L228R occurred simultaneously or followed the appearance of Y181C
To further explore the temporal association and the evolutionary dynamics between Y181C and L228R, longitudinal plasma samples of four CRF01_AE-infected patients with Y181C and L228R mutations were studied using deep sequencing. The first case demonstrated a time lag between the Y181C and L228R mutations; Y181C occurred in 53.4% of the sequences at 1-month post treatment, which increased to 100% at 3 months post treatment, and L228R did not appear until 6 months post treatment, when 87.1% of sequences carried both Y181C and L228R mutations.
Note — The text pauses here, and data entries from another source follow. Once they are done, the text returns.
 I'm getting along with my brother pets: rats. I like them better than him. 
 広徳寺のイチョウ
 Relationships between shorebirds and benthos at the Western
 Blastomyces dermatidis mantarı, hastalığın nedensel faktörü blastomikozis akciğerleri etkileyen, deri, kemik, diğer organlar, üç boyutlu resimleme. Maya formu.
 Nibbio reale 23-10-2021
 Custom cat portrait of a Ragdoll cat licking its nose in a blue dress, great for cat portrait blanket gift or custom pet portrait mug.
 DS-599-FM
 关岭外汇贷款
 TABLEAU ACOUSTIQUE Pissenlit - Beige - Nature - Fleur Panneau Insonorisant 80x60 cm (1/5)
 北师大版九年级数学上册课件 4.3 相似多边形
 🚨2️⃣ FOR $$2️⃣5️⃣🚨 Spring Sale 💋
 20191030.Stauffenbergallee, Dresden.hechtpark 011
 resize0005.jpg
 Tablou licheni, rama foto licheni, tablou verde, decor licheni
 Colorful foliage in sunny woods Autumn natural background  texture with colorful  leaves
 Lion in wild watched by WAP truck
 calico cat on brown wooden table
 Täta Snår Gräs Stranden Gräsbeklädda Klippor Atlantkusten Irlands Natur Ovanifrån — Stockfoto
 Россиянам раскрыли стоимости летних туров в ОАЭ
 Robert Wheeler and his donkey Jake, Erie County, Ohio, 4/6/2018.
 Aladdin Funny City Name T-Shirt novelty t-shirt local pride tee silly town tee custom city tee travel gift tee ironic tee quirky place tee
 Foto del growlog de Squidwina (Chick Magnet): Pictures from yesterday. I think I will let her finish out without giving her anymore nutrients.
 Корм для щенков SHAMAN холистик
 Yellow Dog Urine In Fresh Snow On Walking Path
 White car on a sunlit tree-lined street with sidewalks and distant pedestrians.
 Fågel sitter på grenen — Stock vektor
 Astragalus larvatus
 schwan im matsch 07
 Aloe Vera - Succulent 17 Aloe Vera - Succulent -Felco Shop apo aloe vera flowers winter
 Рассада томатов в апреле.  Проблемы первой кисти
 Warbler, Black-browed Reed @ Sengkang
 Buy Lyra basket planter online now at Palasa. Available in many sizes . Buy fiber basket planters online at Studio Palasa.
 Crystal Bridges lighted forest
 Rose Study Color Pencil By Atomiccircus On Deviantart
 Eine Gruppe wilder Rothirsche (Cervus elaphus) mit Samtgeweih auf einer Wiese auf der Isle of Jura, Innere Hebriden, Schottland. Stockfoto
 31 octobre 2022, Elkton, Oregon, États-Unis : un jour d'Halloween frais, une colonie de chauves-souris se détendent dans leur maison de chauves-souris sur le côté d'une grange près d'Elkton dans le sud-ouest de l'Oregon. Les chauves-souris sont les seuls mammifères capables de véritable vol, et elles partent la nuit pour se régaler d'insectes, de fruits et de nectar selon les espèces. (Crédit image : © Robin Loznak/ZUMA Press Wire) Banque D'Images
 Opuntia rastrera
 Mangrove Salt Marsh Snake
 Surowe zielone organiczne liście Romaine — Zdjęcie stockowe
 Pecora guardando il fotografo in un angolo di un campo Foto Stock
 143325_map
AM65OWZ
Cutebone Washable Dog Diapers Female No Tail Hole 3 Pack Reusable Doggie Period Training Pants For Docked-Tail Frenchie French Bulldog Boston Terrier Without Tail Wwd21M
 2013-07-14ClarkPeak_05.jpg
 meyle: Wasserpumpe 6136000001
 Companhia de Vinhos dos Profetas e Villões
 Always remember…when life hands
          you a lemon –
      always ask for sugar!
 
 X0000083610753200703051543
The second and third cases had Y181C and L228R only at TF. For the second case, 100% of sequences carried both Y181C and L228R simultaneously while, for the third case, 80% of sequences carried both Y181C and L228R simultaneously, and the remaining 20% carried only Y181C (Fig.3). The fourth case could not be analyzed due to sequencing failure.